A five-year, $3.3 million federal grant will allow Partnership for a Healthy Lincoln to continue its work to reduce health disparities among racial and ethnic minorities in Lincoln.
The grant from the Centers for Disease Control and Prevention will build on a similar-sized grant aimed at reducing health disparities among low-income residents, said Bob Rauner, president of Partnership for a Healthy Lincoln.
The organization partners with community agencies to send common messages about healthy lifestyles, such as being more active, eating healthy foods and the benefits of breastfeeding, Rauner said.
The nonprofit agency will work with the Lincoln/Lancaster County Health Department, the Clyde Malone Community Center, El Centro de las Americas and the Lincoln Asian Community and Cultural Center, among others.
Having advocates from the different cultural agencies talk to their members about health issues is often most effective, Rauner said.
The cultural organizations now have breastfeeding advocates who work with those who use the centers, and the new grant will help defray those costs.
The grant money will allow the groups to continue and expand activities such as cooking clubs after school and health fairs, as well as building on the data collection at low-income health centers.
The cooking clubs began in the after-school programs, Rauner said, and organizers are looking at holding them in the cultural centers, too.
“You can actually eat healthy food on a low budget, but only if you know how to cook it,” Rauner said.

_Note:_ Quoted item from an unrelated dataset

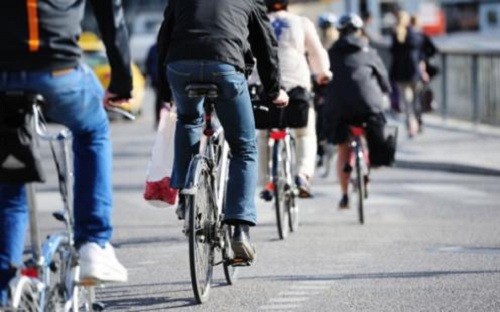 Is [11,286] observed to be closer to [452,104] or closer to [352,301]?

The grant will help with data-gathering to see whether the interventions are working, he said. Groups will work with the health clinics, which now gather data on the effectiveness of cancer screening and diabetes education, breaking down existing statistics by race and ethnicity.
Partnership for a Healthy Lincoln is one of 31 recipients of the Racial and Ethnic Approaches to Community Heath grant.
Rauner said the work the partnership has done with Lincoln Public Schools to gather data on fitness levels and obesity rates of students and how that affects academic achievement is a big reason it received the grant.
“Our data consistently shows significant disparities in health outcomes within Lincoln’s minority communities and low-income neighborhoods,” Rauner said. “The REACH grant funding will provide additional resources to minority communities to help make measurable progress in reducing those health disparities.”